$100K Grant Awarded to Study How Patients Are Adhering to Oral DMTs
A researcher at the University of Houston has received a $100,000 grant to investigate adherence to oral disease-modifying therapies (DMTs) among people with multiple sclerosis (MS), and correlations between adherence patterns and disease outcomes over time.
The one-year grant from the Agency for Healthcare Research and Quality was awarded to Rajender R. Aparasu, PhD, a professor of pharmaceutical health outcomes and policy at Houston’s College of Pharmacy.
The project will focus on adherence to the first three oral medications for MS: Gilenya (fingolimod), Aubagio (teriflunomide), and Tecfidera (dimethyl fumarate).
“Overall, the aim is to inform clinicians and patients regarding treatment decisions with regard to the use and adherence to oral DMAs [disease-modifying agents], and ultimately to improve health outcomes,” Aparasu said in a university press release.
Oral DMTs are thought to improve adherence to treatment, because they are more convenient than injectable treatments.
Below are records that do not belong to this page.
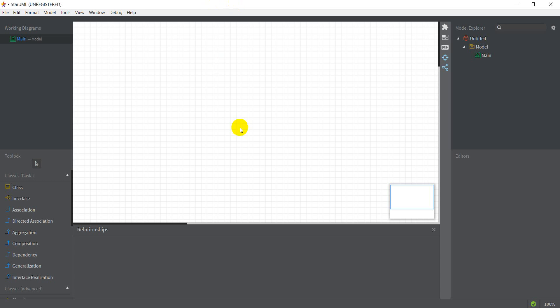Hello and welcome back. This video is going to be a hands-on tutorial with StarUML, which is software to create UML diagrams. I'm going to skip the installation but it's very simple and I'll add the link in the description below. So let's get started with StarUML — I have it open here and it gives us a lot of options.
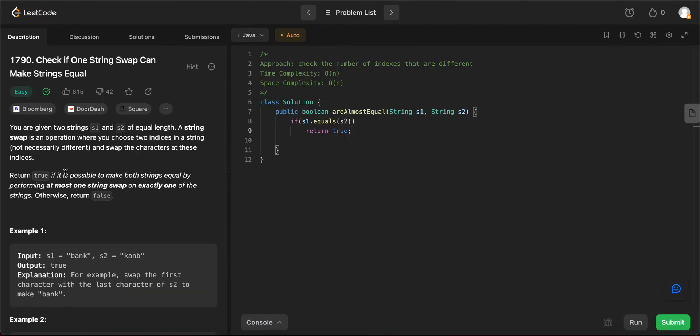It says at most one string swap. So basically, even if you don't swap anything, they'll be equal, so you return true.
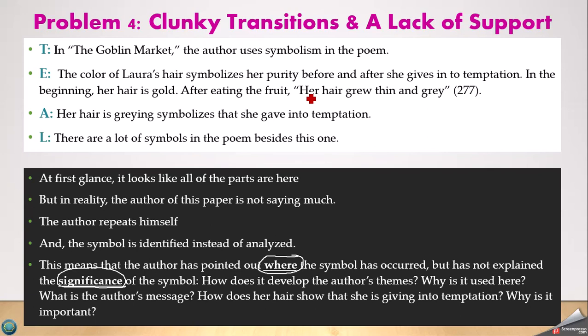Here's the example, back to Goblin Market. The original paragraph reads: 'In the Goblin Market, the author uses symbolism in the poem. The color of Laura's hair symbolizes her purity before and after she gives into temptation. In the beginning her hair is gold. After eating the fruit, her hair grew thin and gray. Her hair graying symbolizes that she gave into temptation. Also, there are a lot of symbols in this poem besides this one.' This is possibly the most frustrating type of paragraph — it's thin, the points are sort of there, but the transitions are clunky. There's symbolism, yes, but why? What does it do? So many unanswered questions.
Yet, real-world data suggest that about 20% of MS patients fail to adhere to these oral medications, and 25% stop using these therapies after one year.
Poor adherence to DMTs and their discontinuation are linked to worse clinical outcomes, higher rates of relapse and disease progression, and greater use of medical resources.
Monitoring adherence to these prescribed medications, and understanding how patterns of adherence impact patients’ outcomes is key to improve care. However, according to Aparasu, current methods for measuring treatment adherence fail to account for changes in adherence over time.
In his research project, Aparasu plans to use a distinct statistical method — called group-based trajectory modeling (GBTM) — to track time-related changes in adherence. With this method, rather than grouping patients by how long they had been prescribed medication, patients are categorized according to their prescription-filling pattern over time.
“Group-based trajectory modeling provides a more accurate picture of adherence patterns over time than more traditional methods of measuring adherence based on refill records or claims in which adherence is assessed as a single value,” Aparasu said.
“With trajectory modeling, patients are classified into different adherent trajectory groups such as complete adherers and slow and rapid discontinuers based on the prescription-filling pattern over time, with each trajectory representing a distinct adherence pattern,” Aparasu added.
After grouping patients according to their adherence pattern, the researcher will determine the clinical outcomes associated with each pattern, including relapse rates requiring hospitalization or a visit to the doctor and a corticosteroid prescription within 30 days.